La storia è questa. Appena nato, Apollo andò a cercarsi la sua sede e arrivò a Delfi. Qui viveva un'immensa dragonessa dalle scaglie di bronzo e dagli occhi di fuoco che custodiva il luogo sacro, nascosta in un fitto bosco di allori. Apollo era ancora un bambino che cercava il latte della madre, ma era anche un dio, il dio dall'arco d'argento. Con un solo colpo di freccia trafisse la dragonessa che agonizzò a lungo contorcendosi e sputando sangue, sinché morì. Il cadavere fu lasciato lì a putrefarsi e, siccome in greco "putrefarsi" si diceva putheîn , quel luogo fu chiamato Pito. Secondo altri, il nemico di Apollo era invece un enorme serpente chiamato Pitone.

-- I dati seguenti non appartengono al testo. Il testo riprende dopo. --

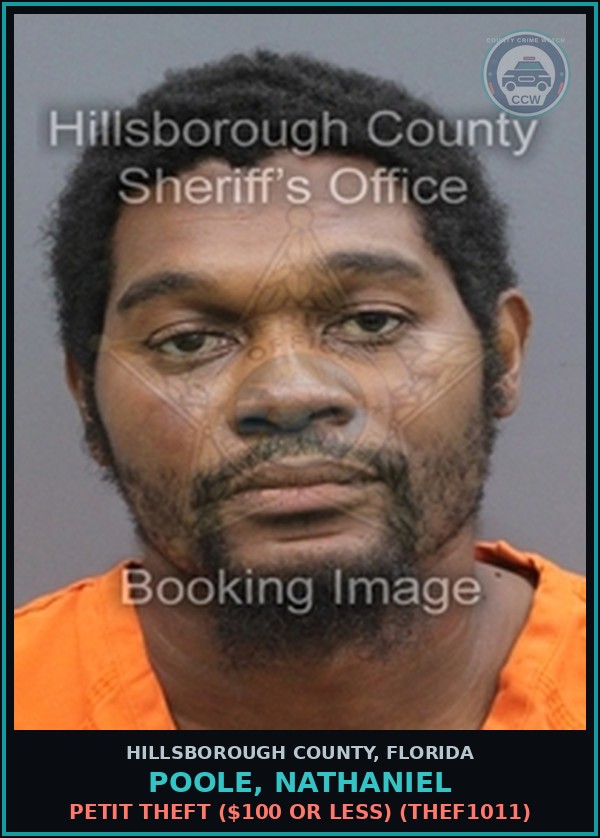 Booking mugshot of POOLE, NATHANIEL in Hillsborough County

Ma non era finita. Il santuario apparteneva allora a Themis, figlia di Gea. Adirata per la prepotenza di Apollo, Gea iniziò a far uscire dal suolo i sogni, a centinaia, simili a nubi che svaporavano continuamente, come nebbia, e parlavano agli uomini. Così Apollo era trascurato e nessuno lo onorava. Allora il dio bambino corse dal padre Zeus a lamentarsi; Zeus rise e con un solo gesto della chioma bloccò il flusso dei sogni respingendoli dentro la terra. In questo modo Apollo poté prendere possesso del santuario e rendere oracoli, ricevendo tutti gli onori che gli erano dovuti. I suoi primi sacerdoti venivano da Creta: si diceva che Apollo avesse assunto la forma di un grande delfino e fosse balzato sulla tolda di una nave di commercianti cretesi; li aveva guidati sino a terra e poi sino al luogo arroccato tra i monti nel quale voleva che sorgesse il suo tempio: Delfi, che prendeva il nome da "delfino". Così raccontava il mito.